There's something deeply satisfying to me about sitting here at this table in this cafe with all these stories spread out around me to read. Dozens. I'm listening to Radio Free Klezmer. I'm plowing through story after story about father/son relationships, most of which involve a)hunting b)fishing or c)camping. Then there's winter sports. Poor V has to deal with my constant stream of "never do this" in a story. The latest had to do with fabric stretched tight over women's breasts. Christ. She said she wants to write a story in which fabric droops over a woman's breasts. I say more power to her. I'm realizing why Jenna Blum was so anti-child narrators now, and why AGNI has a blanket policy. (That sounds like a policy to issue afghans to its contributers, but of course I mean a blanket policy against child narrators).

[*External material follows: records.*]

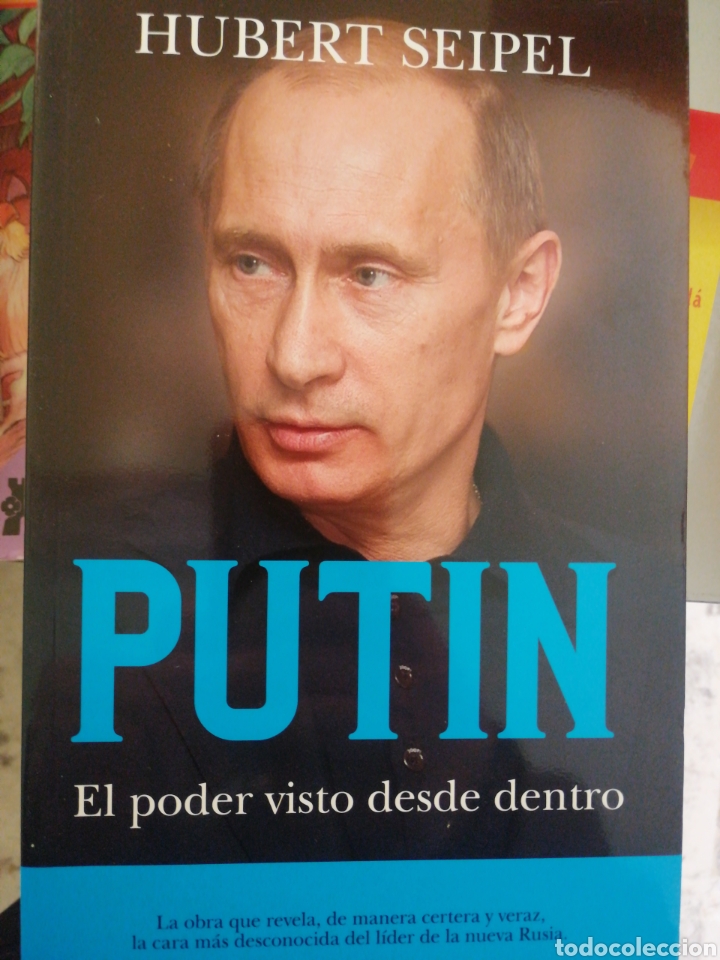 Libros: Putin. El poder visto desde dentro - Foto 1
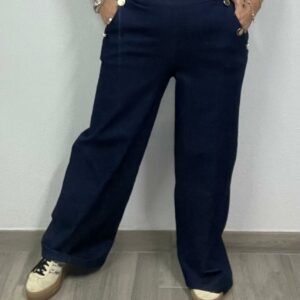 Pantalón Modelo Botones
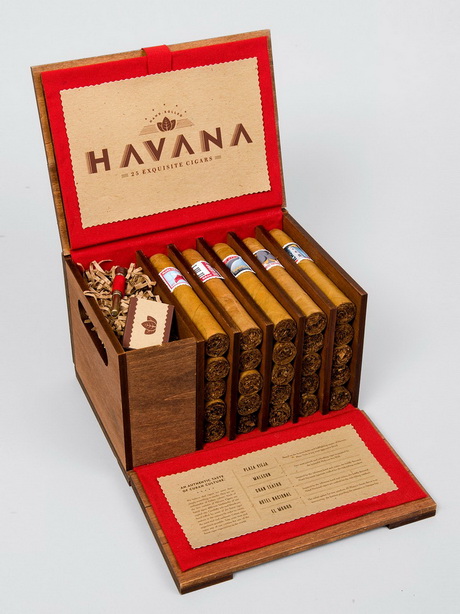 Сигары из Гаваны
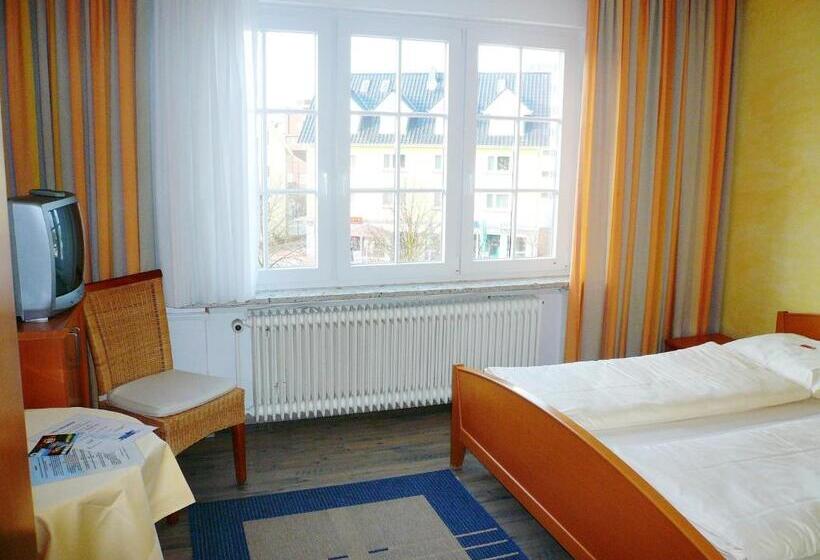 호텔 Restaurant Nord Stuv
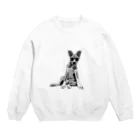 ☆もふらぼVillage☆のPOTEKO Crew Neck Sweatshirt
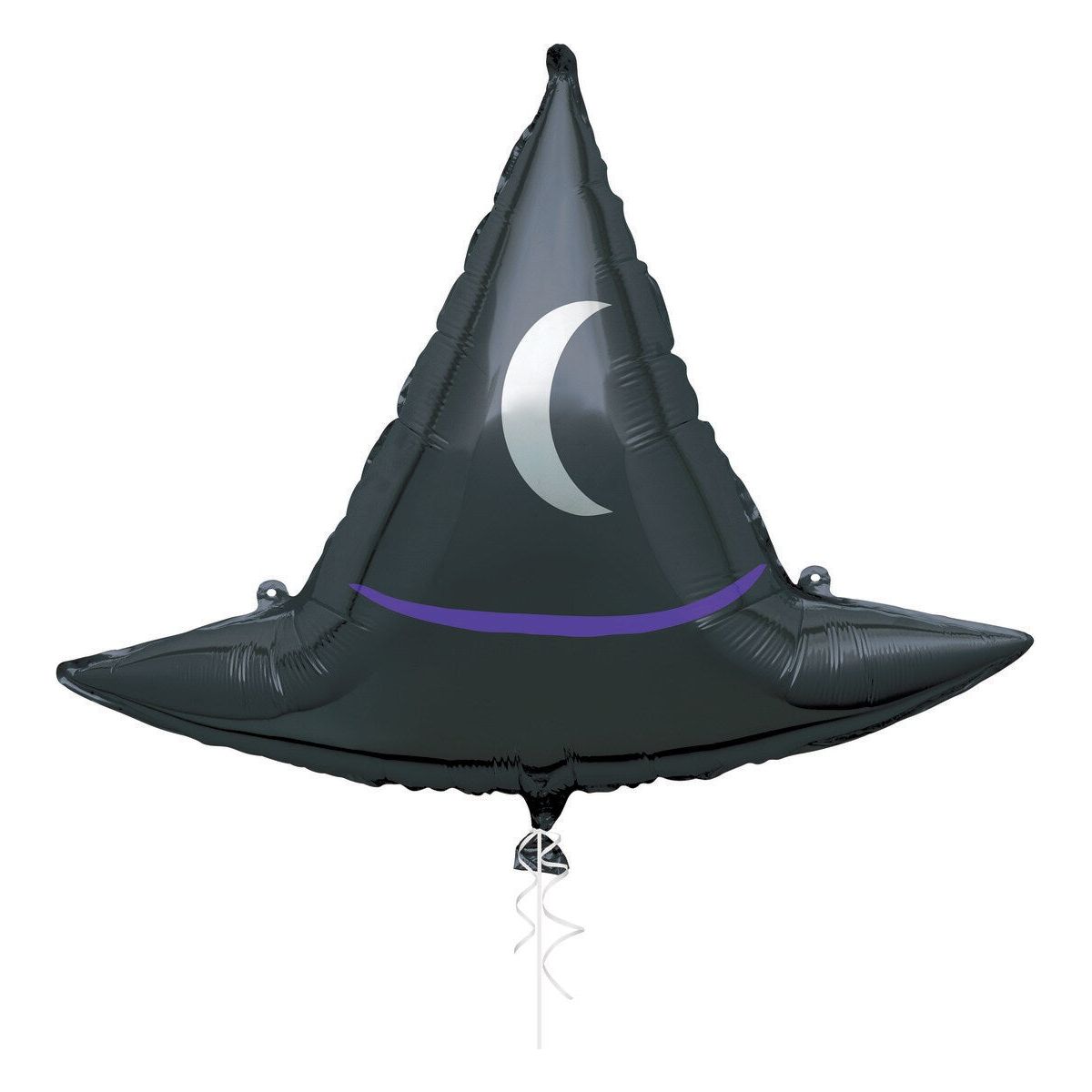 Giant Foil Balloon - Witch - Dollars and Sense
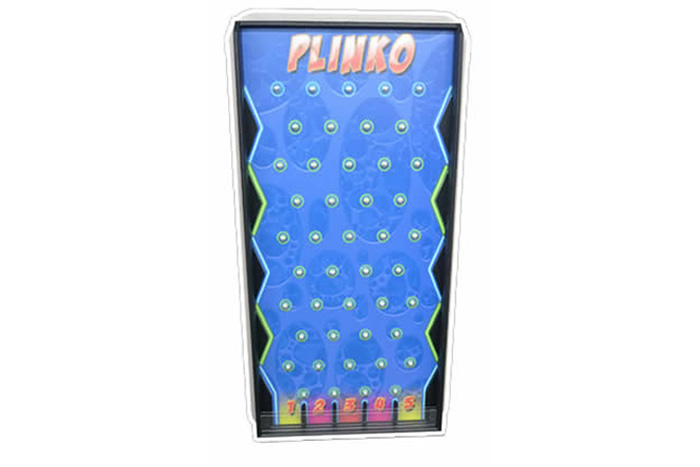 Plinko - Blue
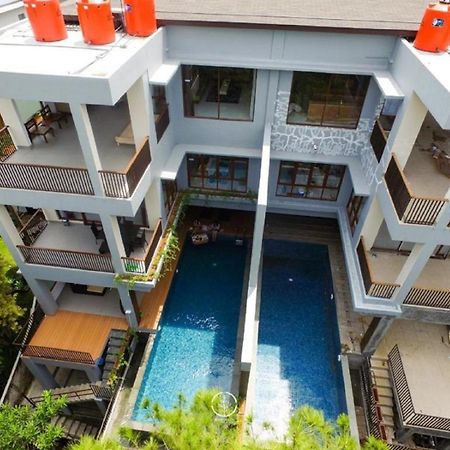 Asmaya Hill View Villa 7 Bedrooms With A Private Swimming Pool Bandung Esterno foto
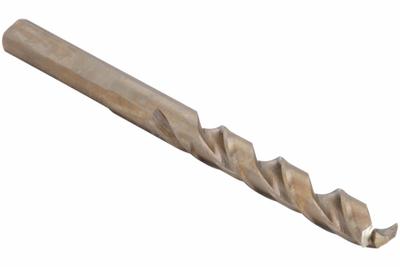 DEWALT Jobber Length Drill Bit: 11/64", 135° Split Point, Black Oxide HSS - General Purpose High-Speed Steel Jobber-Length Drill Bits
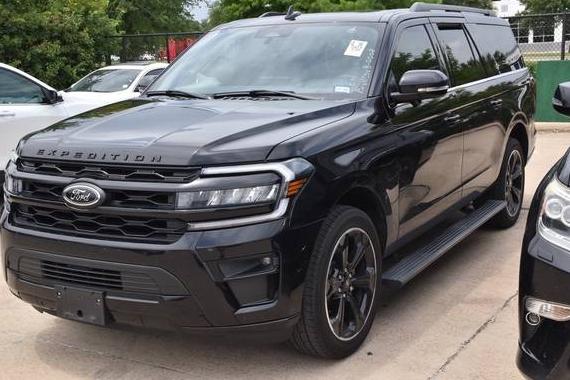 FORD EXPEDITION MAX 2024 1FMJK1K81REA13469 image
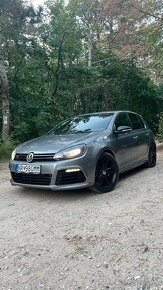 Golf 6R 199KW 4-motion DSG - 2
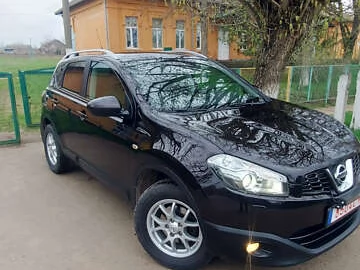 Авто Nissan Qashqai 2012 № 7566355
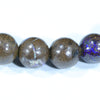 Australian Boulder Opal Matrix Bracelet 19cm Code BROJ0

It's homecoming weekend and yesterday I passed a float that consisted of two large papier mache yams. How rad is that?

Stove, the leaves on the trees are still bright. I wondered to myself whether that would still be the case when you came, then realized you'll be here in 5 days, and how much can really change in that time? Yee-haw.

1 comment:

Sarah said...

Hunh, a lot of my favorite slush pile stories have had child narrators. But most of them failed to solve the "what will happen this precocious little person" question, and made them very conventional bitter recluses.

I'm excited for the leaves! They are turning here too (only yellow, though), and I remembered sadly the other day that the fact that they are falling means that the trees will be bare all winter. In California, one forgets these things.

There's a falcon on a wire outside my window right now as I type this (or at least that what it is to this amateur ornithologist).